I'd like to discuss some of these questions again. But more important than that, I hope this question will help us learn more efficient ways to encourage newbies to become a part of the community without frustration.
As a PhD student, I assist with undergraduate teaching. One day, a student opened up the topic and we started discussing the best ways for them to learn and keep up with the fast-paced programming world. When I encouraged them to use Stack Overflow, one of the students brought up that they were a little scared to get harsh comments on Stack Overflow.
A bunch of them admitted looking up for their programming questions in SO, but they said they never ask a question and that they would stick with google search restricting it to
This last part was actually good, because if their question was already here, they would be able to find it. The bad part is, there's a definite friction towards new users, and I witnessed this first hand.

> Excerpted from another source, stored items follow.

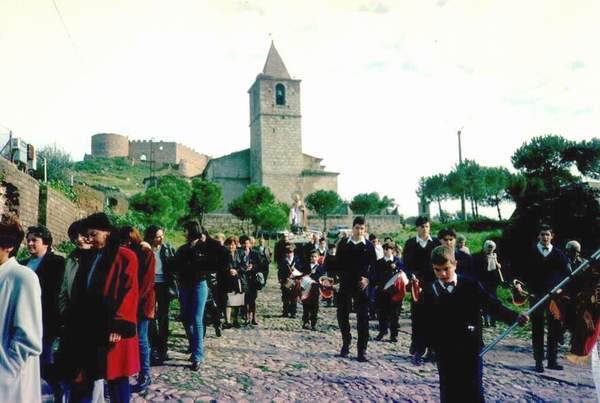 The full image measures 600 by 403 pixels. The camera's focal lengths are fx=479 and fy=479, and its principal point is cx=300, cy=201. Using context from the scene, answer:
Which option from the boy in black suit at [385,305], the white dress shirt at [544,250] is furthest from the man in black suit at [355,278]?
the white dress shirt at [544,250]

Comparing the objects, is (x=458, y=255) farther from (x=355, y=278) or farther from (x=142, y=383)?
(x=142, y=383)

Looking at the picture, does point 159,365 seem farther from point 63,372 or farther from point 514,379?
point 514,379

The main problem here seems to be the comments/answers that are almost very rude and/or insulting to the OP of a particular question. This generally happens to newbies because they are probably the ones least familiar with the current SO ecosystem. I understand that we can flag the comment/answer for moderator attention and/or report to
[email protected]. But before the answer/comment gets deleted, the harm is done. OP has already felt insulted.

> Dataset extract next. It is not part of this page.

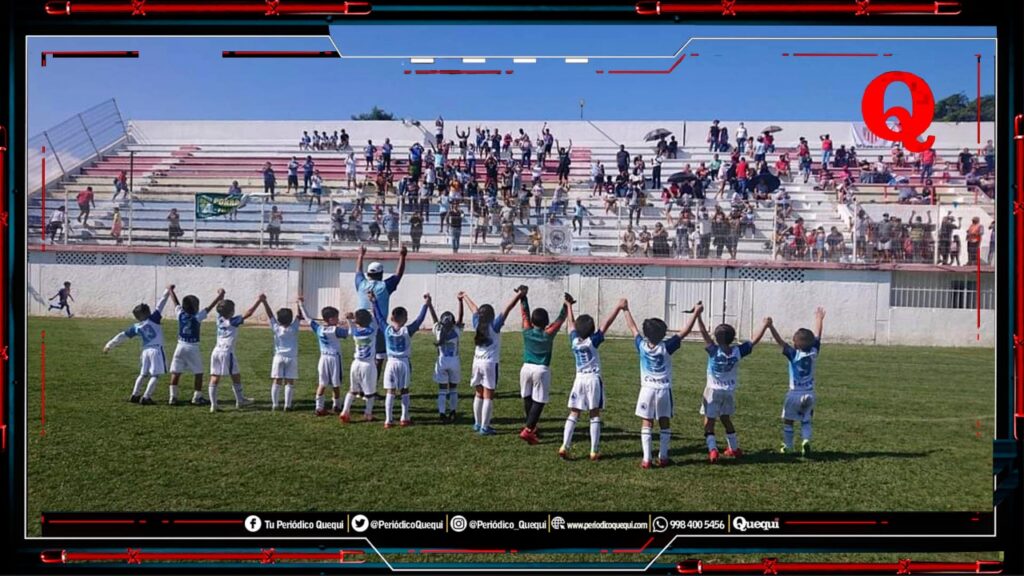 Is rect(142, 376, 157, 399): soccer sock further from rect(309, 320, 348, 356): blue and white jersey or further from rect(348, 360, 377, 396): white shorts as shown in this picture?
rect(348, 360, 377, 396): white shorts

We still see rude behavior, so clearly the current solutions aren't working. Are there better ways? I believe there should be a better mechanism to discourage this behavior on the part of commenters and answerers. Should there be a way to warn the owner of such a comment which makes her/him take it seriously?
How can we be more welcoming to users? This doesn't just apply to users coming from a classroom setting, but in general.

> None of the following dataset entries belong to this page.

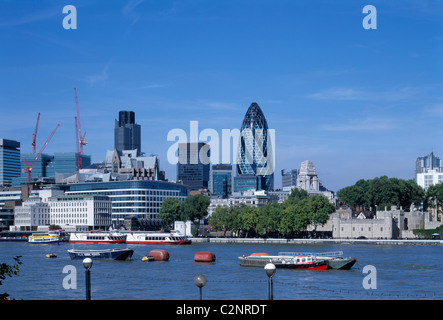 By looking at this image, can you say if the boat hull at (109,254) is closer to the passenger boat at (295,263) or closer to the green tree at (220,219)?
the passenger boat at (295,263)

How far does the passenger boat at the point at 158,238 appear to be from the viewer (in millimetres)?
112938

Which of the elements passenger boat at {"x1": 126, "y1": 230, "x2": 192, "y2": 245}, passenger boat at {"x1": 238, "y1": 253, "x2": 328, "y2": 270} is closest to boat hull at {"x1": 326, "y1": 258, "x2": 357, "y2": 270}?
passenger boat at {"x1": 238, "y1": 253, "x2": 328, "y2": 270}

Update: David Robinson's answer does a great job explaining how proper introduction to SO can be addressed in a classroom setting, it deserves its own appreciation but does not cover both questions in their entirety. Rachel's answer covers both questions in a more general setting, hence it is more complete. I am accepting Rachel's answer based on this criteria. However, I will gladly revise if there are new answers and/or the current answers are revised.